Read path for mpack:// objects

Objects stored under a mpack:// URI are resolved via S3 byte-range GET — no full pack download.

read_object(object_id):
  1. SELECT mpack_key, byte_offset, byte_length
       FROM mpack_index WHERE object_id = <id>
  2. GET <s3_url_for_mpack_key>
       Range: bytes=<byte_offset>-<byte_offset+byte_length-1>
  3. decompress zstd → raw payload
  return payload

mpack_index schema:

mpack_key    TEXT    NOT NULL,
object_id    TEXT    NOT NULL,
byte_offset  BIGINT  NOT NULL,
byte_length  INT     NOT NULL,
PRIMARY KEY (mpack_key, object_id),
INDEX (object_id)

Out of scope (post-MVP)

  • Chunked / multi-part push for packs > 512 MiB
  • Pull / fetch / clone (separate issue)
Activity2
gabriel opened this issue 25 days ago
gabriel 16 days ago

Delta compression + pack index — implementation plan

Push/fetch/clone/pull are now confirmed working end-to-end. The mpack_index table exists and is populated, but the byte-range read path is not wired in. Here is the exact gap and the steps to close it.

Current state

  • musehub_mpack_index exists with columns: (entity_id, mpack_id, entity_type, created_at)
  • During push unpack, rows are inserted mapping each object_id → mpack_id ✅
  • read_object_bytes in backends.py handles mpack:// URIs by downloading the entire mpack and scanning it — O(mpack_size) per object lookup ❌
  • No byte_offset / byte_length columns exist on the table ❌
  • No S3 byte-range GET anywhere in the codebase ❌

Steps to wire it in

1. Migration — add byte_offset and byte_length to musehub_mpack_index

ALTER TABLE musehub_mpack_index ADD COLUMN byte_offset BIGINT;
ALTER TABLE musehub_mpack_index ADD COLUMN byte_length INT;

2. Push unpack — when inserting mpack_index rows, compute each object's byte position within the mpack binary using the OBJECTS section layout (deterministic: _build_pack output is header + fixed-width per-object records). Record (mpack_key, object_id, byte_offset, byte_length).

3. Storage backend — add get_range(mpack_key, byte_offset, byte_length) -> bytes that issues an S3 Range: bytes=N-M GET instead of fetching the whole mpack.

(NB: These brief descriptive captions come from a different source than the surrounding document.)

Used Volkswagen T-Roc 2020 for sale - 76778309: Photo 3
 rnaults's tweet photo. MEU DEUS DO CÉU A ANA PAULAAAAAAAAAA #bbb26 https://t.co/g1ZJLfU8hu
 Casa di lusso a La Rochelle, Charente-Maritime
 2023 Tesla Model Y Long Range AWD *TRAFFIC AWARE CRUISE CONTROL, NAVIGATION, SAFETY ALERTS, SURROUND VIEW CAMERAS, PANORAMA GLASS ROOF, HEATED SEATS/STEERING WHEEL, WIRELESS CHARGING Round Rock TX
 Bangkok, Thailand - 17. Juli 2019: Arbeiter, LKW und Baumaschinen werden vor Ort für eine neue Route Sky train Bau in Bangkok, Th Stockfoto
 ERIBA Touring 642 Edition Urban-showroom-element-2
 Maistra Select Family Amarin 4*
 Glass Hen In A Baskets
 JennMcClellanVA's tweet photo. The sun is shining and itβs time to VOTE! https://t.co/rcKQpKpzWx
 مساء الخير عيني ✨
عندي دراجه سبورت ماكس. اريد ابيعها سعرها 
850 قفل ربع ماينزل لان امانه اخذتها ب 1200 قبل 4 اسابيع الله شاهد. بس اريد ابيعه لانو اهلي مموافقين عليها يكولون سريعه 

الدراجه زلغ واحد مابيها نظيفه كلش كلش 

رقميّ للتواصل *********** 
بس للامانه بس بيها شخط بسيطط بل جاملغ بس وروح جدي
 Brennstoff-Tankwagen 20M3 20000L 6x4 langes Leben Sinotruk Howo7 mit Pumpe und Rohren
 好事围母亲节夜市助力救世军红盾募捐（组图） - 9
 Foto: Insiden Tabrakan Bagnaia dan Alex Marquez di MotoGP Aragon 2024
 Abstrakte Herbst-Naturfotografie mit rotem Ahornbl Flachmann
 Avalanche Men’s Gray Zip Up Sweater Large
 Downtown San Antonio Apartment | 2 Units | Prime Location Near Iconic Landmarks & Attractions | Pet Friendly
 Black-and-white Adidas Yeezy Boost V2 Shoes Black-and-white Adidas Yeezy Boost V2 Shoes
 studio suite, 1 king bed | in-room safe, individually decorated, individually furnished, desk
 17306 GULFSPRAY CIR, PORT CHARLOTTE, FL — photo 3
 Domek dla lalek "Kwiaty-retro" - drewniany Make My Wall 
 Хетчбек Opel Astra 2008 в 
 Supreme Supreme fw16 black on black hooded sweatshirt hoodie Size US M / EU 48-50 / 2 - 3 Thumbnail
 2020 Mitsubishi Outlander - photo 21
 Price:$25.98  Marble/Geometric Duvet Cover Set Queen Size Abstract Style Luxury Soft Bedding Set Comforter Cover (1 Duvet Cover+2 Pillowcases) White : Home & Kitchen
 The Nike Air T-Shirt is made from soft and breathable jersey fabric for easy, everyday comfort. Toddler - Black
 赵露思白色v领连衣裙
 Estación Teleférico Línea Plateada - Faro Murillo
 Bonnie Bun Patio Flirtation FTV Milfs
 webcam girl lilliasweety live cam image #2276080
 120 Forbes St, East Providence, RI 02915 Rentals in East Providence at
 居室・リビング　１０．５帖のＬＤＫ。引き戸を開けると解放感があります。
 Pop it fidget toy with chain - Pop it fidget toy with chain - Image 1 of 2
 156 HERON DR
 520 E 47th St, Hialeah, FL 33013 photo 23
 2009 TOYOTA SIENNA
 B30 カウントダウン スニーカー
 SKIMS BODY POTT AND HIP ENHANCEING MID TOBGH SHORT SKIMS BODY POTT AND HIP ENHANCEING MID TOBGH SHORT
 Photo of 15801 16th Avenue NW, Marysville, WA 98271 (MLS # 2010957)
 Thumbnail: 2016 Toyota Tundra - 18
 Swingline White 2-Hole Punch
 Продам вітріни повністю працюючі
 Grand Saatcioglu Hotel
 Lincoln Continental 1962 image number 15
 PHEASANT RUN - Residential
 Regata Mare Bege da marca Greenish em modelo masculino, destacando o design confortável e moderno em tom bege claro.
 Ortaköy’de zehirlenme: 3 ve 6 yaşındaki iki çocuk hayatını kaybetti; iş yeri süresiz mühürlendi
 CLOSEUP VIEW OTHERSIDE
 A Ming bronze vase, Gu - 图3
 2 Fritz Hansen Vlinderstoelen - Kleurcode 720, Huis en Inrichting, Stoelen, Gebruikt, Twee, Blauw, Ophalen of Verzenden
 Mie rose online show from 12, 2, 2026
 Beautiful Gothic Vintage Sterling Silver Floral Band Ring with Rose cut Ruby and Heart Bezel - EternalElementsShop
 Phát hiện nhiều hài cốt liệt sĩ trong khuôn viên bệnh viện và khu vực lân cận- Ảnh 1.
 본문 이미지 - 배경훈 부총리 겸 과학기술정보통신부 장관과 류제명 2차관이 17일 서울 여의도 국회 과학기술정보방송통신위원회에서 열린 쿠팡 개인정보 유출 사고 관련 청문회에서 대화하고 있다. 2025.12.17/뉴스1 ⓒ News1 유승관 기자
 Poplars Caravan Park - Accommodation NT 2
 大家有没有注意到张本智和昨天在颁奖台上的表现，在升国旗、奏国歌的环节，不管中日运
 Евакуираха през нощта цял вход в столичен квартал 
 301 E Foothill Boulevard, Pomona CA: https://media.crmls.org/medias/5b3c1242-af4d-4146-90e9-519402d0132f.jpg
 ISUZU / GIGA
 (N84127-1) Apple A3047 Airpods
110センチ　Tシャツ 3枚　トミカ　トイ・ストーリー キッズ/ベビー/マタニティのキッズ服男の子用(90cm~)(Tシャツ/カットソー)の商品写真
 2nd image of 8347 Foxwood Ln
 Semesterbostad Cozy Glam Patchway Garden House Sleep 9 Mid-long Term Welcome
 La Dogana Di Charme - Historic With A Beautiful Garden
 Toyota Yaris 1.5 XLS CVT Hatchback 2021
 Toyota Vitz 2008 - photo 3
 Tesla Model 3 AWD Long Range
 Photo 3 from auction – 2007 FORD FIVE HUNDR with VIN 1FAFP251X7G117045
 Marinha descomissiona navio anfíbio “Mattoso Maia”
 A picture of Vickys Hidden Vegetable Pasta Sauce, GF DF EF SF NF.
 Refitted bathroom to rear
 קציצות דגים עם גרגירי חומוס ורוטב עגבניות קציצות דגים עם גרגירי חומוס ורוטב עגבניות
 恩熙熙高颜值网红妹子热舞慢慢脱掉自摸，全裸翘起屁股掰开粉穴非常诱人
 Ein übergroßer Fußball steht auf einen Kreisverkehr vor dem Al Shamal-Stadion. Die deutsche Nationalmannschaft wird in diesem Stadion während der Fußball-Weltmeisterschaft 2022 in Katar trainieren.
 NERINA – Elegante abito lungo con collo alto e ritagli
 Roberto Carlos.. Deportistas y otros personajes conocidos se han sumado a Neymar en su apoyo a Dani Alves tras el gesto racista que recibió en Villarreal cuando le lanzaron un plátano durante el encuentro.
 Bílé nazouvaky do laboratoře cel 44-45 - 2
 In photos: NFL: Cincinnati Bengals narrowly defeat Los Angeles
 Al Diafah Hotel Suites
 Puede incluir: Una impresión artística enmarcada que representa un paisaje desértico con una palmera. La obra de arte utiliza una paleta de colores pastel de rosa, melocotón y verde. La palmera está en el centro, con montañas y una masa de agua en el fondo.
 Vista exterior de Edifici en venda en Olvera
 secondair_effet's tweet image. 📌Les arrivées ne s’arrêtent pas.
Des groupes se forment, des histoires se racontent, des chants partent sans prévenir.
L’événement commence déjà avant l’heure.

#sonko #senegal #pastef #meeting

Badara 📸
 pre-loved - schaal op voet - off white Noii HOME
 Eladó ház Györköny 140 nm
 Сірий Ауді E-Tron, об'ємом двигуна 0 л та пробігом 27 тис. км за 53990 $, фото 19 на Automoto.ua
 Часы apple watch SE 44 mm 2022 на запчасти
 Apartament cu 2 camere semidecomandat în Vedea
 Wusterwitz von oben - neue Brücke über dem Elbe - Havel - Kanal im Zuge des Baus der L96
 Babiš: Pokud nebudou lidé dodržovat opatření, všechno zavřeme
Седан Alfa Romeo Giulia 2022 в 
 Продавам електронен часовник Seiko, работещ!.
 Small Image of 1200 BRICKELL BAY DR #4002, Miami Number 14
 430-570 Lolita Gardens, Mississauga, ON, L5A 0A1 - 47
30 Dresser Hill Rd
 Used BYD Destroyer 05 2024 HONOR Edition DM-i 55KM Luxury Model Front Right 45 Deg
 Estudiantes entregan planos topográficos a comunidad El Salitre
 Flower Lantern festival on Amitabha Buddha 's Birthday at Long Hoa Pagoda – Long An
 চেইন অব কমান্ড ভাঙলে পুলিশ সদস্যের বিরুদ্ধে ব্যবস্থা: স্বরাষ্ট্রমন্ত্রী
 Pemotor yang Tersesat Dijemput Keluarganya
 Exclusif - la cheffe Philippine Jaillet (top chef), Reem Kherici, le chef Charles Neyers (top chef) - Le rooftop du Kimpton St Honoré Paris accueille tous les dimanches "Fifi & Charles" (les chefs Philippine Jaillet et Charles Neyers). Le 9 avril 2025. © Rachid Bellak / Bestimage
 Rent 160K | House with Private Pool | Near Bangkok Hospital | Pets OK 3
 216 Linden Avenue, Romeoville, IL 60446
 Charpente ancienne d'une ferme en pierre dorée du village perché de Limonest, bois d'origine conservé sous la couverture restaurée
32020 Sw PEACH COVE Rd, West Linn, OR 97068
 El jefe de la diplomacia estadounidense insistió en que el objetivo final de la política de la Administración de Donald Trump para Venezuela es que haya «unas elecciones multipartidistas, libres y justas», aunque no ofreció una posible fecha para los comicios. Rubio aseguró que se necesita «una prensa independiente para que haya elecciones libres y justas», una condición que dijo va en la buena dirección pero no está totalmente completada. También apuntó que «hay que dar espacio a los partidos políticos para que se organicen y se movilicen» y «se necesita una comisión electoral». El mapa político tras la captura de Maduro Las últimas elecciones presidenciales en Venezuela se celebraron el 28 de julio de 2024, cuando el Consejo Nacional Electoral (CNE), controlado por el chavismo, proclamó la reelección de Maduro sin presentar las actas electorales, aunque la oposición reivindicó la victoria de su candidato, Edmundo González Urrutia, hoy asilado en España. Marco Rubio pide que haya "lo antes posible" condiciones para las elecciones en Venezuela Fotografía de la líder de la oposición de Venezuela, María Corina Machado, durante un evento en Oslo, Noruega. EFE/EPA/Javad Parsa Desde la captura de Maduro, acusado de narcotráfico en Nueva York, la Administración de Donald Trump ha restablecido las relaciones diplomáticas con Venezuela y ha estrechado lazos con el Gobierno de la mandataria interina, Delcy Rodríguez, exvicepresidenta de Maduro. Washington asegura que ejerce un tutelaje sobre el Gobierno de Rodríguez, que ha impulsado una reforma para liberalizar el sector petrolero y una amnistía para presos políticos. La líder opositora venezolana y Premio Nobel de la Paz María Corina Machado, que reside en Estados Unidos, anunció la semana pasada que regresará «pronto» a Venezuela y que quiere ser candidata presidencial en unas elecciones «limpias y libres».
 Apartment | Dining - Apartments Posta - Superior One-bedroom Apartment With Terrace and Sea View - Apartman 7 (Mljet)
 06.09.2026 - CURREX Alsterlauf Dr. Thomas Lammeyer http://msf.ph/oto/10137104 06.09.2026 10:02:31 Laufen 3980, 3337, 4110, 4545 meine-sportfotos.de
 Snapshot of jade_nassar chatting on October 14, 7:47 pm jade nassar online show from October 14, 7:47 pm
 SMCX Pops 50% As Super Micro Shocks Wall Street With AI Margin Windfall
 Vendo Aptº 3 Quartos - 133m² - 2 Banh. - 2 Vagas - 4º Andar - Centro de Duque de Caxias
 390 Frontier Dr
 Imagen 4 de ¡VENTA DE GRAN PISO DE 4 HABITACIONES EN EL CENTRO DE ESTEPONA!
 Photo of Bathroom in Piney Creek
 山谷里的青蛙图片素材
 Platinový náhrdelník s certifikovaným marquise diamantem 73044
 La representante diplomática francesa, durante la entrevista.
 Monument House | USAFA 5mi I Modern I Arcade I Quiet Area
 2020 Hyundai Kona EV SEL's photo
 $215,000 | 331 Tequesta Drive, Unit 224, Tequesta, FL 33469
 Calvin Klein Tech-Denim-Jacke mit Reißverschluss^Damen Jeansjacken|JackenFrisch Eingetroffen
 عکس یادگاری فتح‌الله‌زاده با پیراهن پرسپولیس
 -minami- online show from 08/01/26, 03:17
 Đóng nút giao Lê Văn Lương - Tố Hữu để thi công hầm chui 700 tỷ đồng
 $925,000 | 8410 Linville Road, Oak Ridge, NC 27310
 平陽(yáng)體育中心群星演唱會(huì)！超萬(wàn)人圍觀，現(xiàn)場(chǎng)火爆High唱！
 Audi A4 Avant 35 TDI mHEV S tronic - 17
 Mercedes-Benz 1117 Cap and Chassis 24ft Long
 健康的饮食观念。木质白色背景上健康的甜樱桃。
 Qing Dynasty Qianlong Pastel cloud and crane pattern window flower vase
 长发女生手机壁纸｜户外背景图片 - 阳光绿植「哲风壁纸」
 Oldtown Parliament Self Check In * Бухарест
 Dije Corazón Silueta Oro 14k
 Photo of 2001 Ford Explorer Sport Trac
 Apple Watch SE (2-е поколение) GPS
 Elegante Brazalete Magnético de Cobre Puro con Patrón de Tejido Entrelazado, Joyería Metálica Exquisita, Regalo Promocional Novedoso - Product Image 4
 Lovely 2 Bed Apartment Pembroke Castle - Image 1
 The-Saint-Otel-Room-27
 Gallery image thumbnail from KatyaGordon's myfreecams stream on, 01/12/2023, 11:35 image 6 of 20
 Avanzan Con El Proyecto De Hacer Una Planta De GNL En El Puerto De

4. read_object_bytes — when storage_uri = "mpack://...", look up (byte_offset, byte_length) from mpack_index, issue the byte-range GET. Fall back to full-mpack download if columns are NULL (existing rows before migration).

5. TDD — prove via tests:

  • A pushed object's byte_offset/byte_length are recorded correctly
  • The byte-range GET recovers the exact bytes
  • read_object_bytes uses range GET, not full download
  • Fallback to full download when offset columns are NULL
gabriel 16 days ago

Implementation complete — closing

All steps from the pseudocode are now wired in and verified on staging.

What was built:

  • Migration 0067byte_offset BIGINT and byte_length INT added to musehub_mpack_index (nullable for backward compat with existing rows)
  • compute_object_byte_offsets(wire_bytes) — parses the OBJECTS section table and walks the _build_pack layout to return {oid: (abs_offset, length)} in O(objects) time, no I/O
  • Push unpack step 7d — calls compute_object_byte_offsets on the downloaded mpack and stores byte_offset + byte_length with each musehub_mpack_index row
  • BlobBackend.get_range(mpack_key, offset, length) — issues Range: bytes=N-M S3 GET, O(object_size) transfer
  • read_object_bytes — uses get_range when byte_offset is set; falls back to full mpack download for pre-migration rows (NULL offset)

Verified on staging: 21 objects pushed to wire-hello, all have non-NULL byte_offset/byte_length in musehub_mpack_index. First object at offset=183, consistent with wire mpack header layout.

TDD: 7 tests in test_mpack_byte_range.py — BR-1 through BR-7 all green.